Elmborg’s article talks about the reference librarian being a teacher. Instead of jealously guarding information to keep the job mysterious and necessary, reference librarians should teach people how to do their own searches and research. One of my favorite authors, Diana Gabaldon ,speaks well to this point in her blog from Jan 24, 2008. She points out why doing your own research can lead to better search results.
“My favorite analogy regarding research is what I call "Hot dogs and beans." Consider that you're planning dinner for your family. You decide to have hot dogs and beans; tasty and cheap and everybody likes them. You have a busy life, and thus an assistant—you tell the assistant to go to the store and get hot dogs and beans for you. The assistant does, and you have a nice supper.
OK. If you go to the store yourself, you're intending to get hot dogs and beans.
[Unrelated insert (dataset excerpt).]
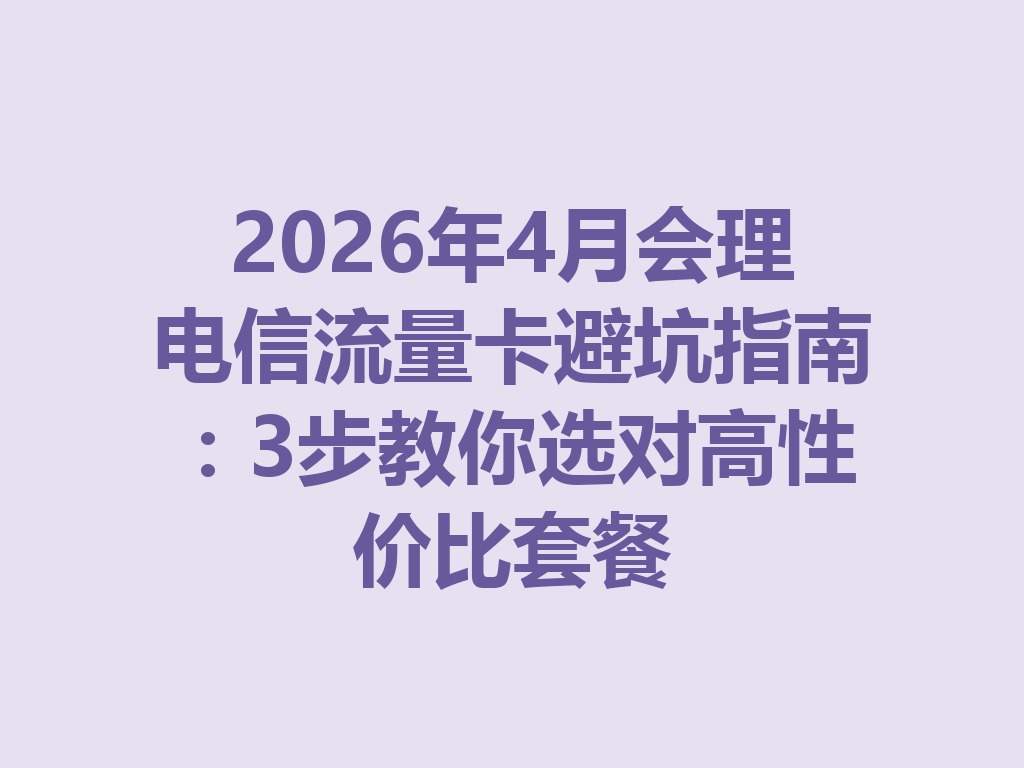 2026年4月会理电信流量卡避坑指南：3步教你选对高性价比套餐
But on your way to the sausage-and-cheese section, you pass the fresh meat section—where you observe that there's a sale on organic chicken breasts. "Ooh," you think. "I could make chicken curry!" So you get the chicken breasts, go back through the aisles to get spices, vegetable juice, mango-peach applesauce, mango chutney, jasmine rice…and coming back toward the front of the store with this, you pass through the fresh produce section and see the water droplets gleaming among the fresh lettuces and long green onions—and it occurs to you that a shrimp salad would be Really Good with the curry—so you go back to Meats and get half a pound of fresh baby shrimp, then to the condiments aisle for dressing—and thence to the chilled wine cabinet near the checkout, for a lovely dry Riesling, which will just top this meal off….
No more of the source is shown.